Work to complete
Nothing but the lines from the one holding "the wild ride of a fiery menace" to the final line of the listing below, both included, should be repeated, and each must match exactly. Omit pictures.

Data shown

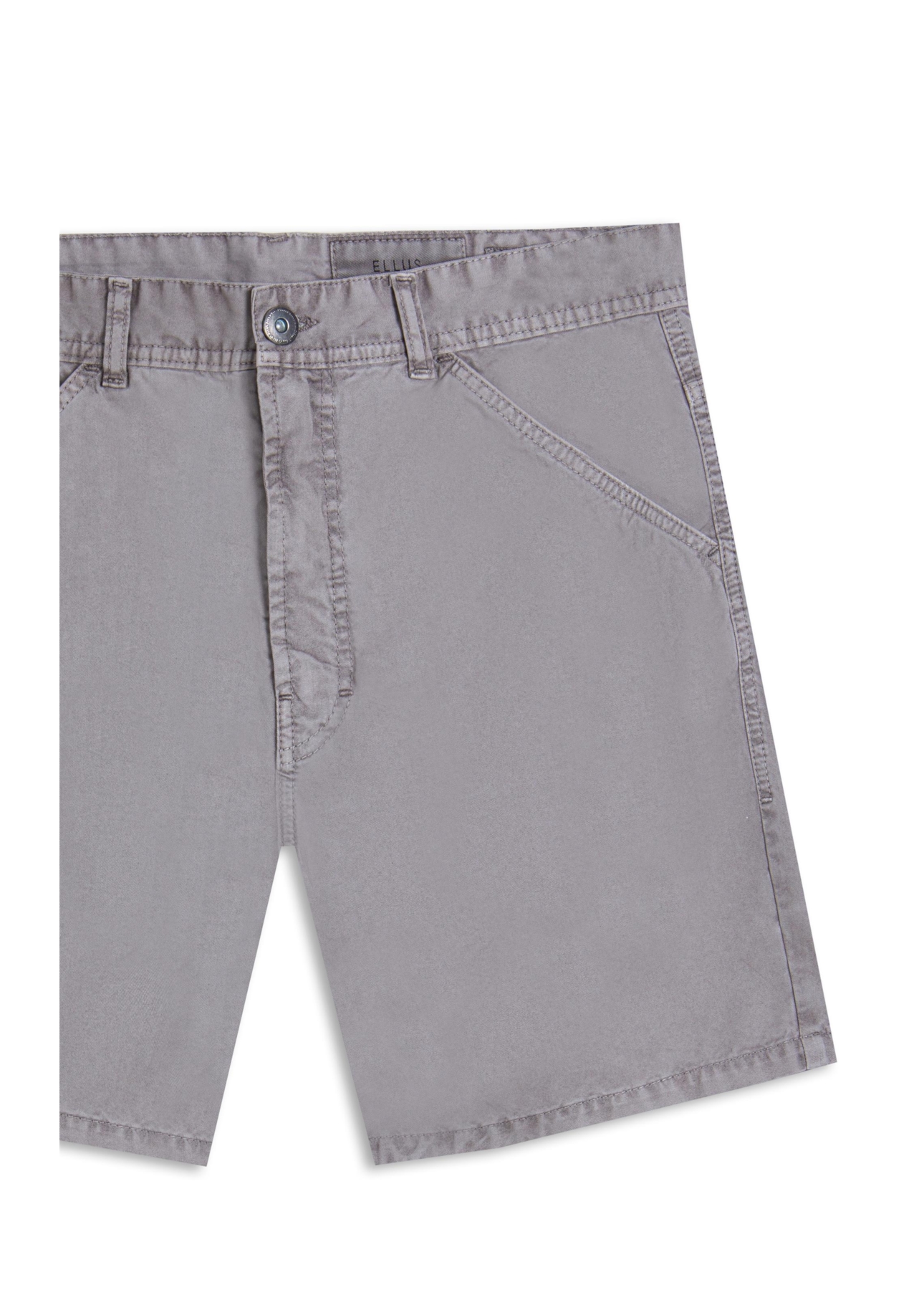 Bermuda Color Twill Hawaii b Faca Mouse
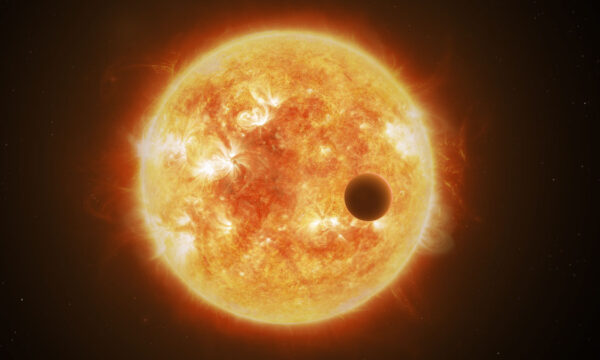 the wild ride of a fiery menace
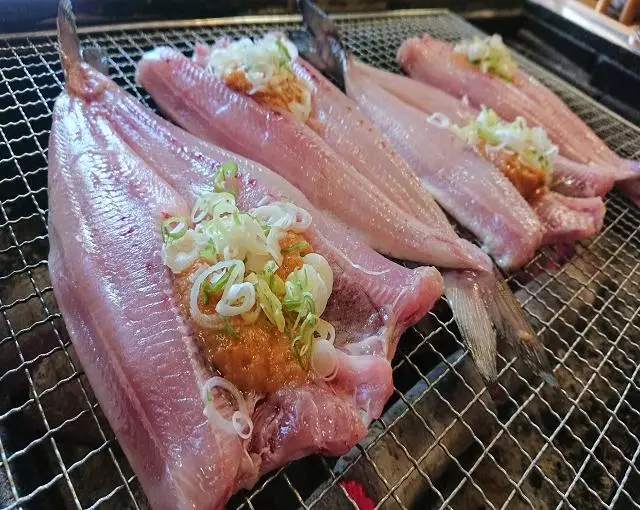 礼文島の住み込みリゾートバイト（トレッキングガイド）のサブ画像３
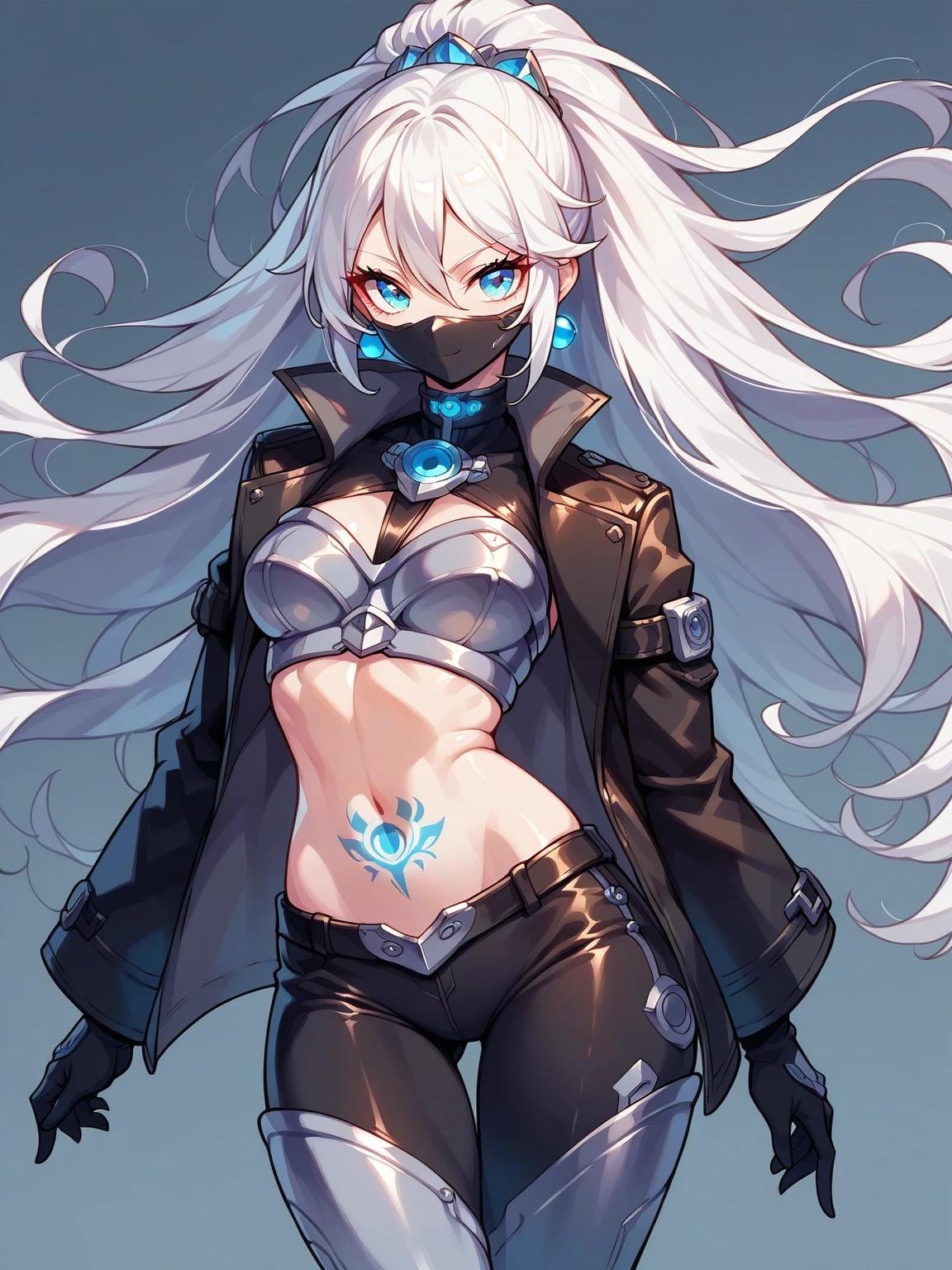 Rina 'Whisper' Kaelber thumbnail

Solution for this exercise
 the wild ride of a fiery menace
 礼文島の住み込みリゾートバイト（トレッキングガイド）のサブ画像３
 Rina 'Whisper' Kaelber thumbnail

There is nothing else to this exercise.